*PROBLEM TO WORK ON*.
Give back exactly the lines of the material below that start at the one holding "Amazon.com: Apple MagSafe" and end at the last line, minus the pictures.
*** DATA LISTING Section Begins ***
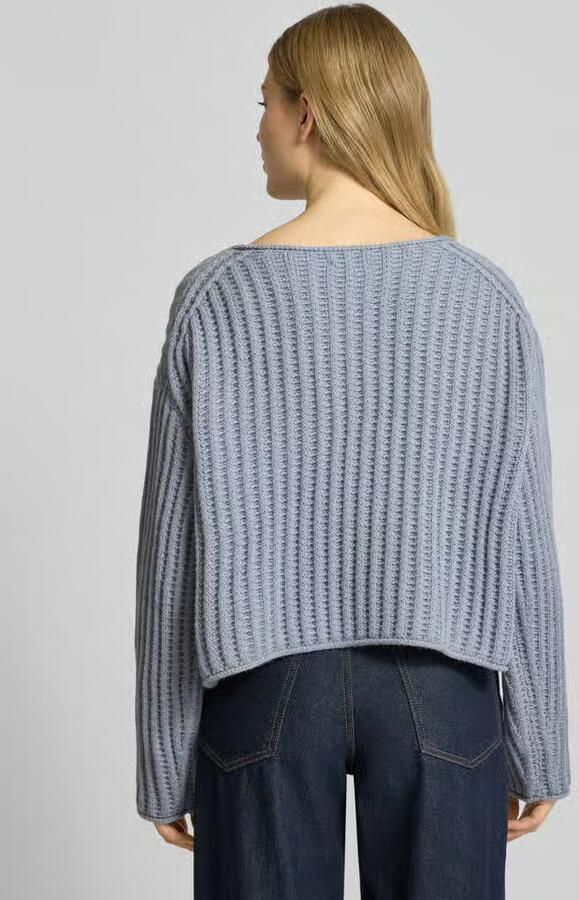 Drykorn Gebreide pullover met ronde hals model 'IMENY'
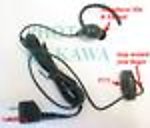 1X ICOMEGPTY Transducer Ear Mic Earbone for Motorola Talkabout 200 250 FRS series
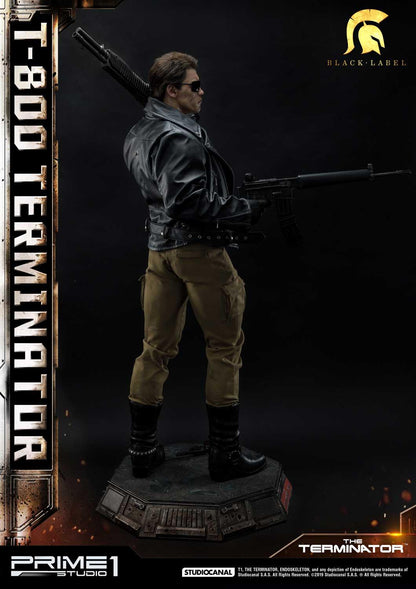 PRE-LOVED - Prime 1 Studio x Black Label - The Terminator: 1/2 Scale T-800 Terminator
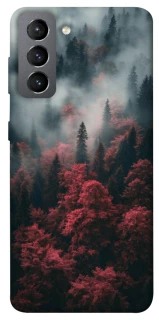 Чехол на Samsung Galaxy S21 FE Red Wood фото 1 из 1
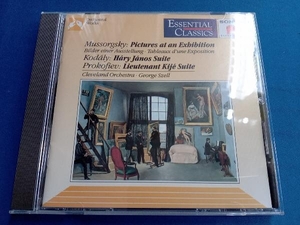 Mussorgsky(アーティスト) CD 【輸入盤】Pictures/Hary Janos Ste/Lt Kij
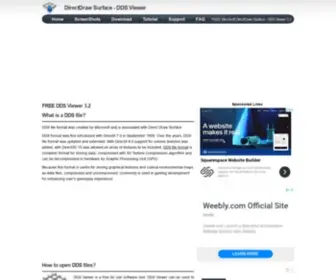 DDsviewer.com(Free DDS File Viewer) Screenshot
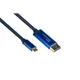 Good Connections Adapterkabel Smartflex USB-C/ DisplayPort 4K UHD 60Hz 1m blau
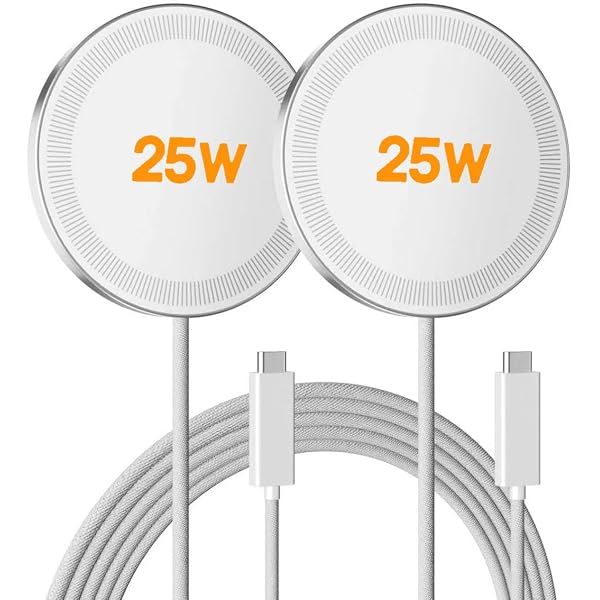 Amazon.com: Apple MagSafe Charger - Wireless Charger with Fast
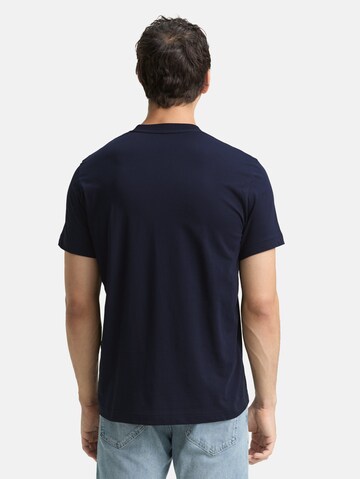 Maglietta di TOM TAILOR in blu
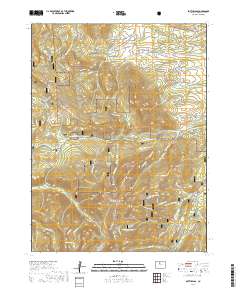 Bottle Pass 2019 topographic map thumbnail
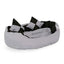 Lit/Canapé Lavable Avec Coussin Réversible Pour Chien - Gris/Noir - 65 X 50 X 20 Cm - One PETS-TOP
*** DATA LISTING Section Ends ***
*ANSWER BELOW*.
 Amazon.com: Apple MagSafe Charger - Wireless Charger with Fast
 Maglietta di TOM TAILOR in blu
 Bottle Pass 2019 topographic map thumbnail
 Lit/Canapé Lavable Avec Coussin Réversible Pour Chien - Gris/Noir - 65 X 50 X 20 Cm - One PETS-TOP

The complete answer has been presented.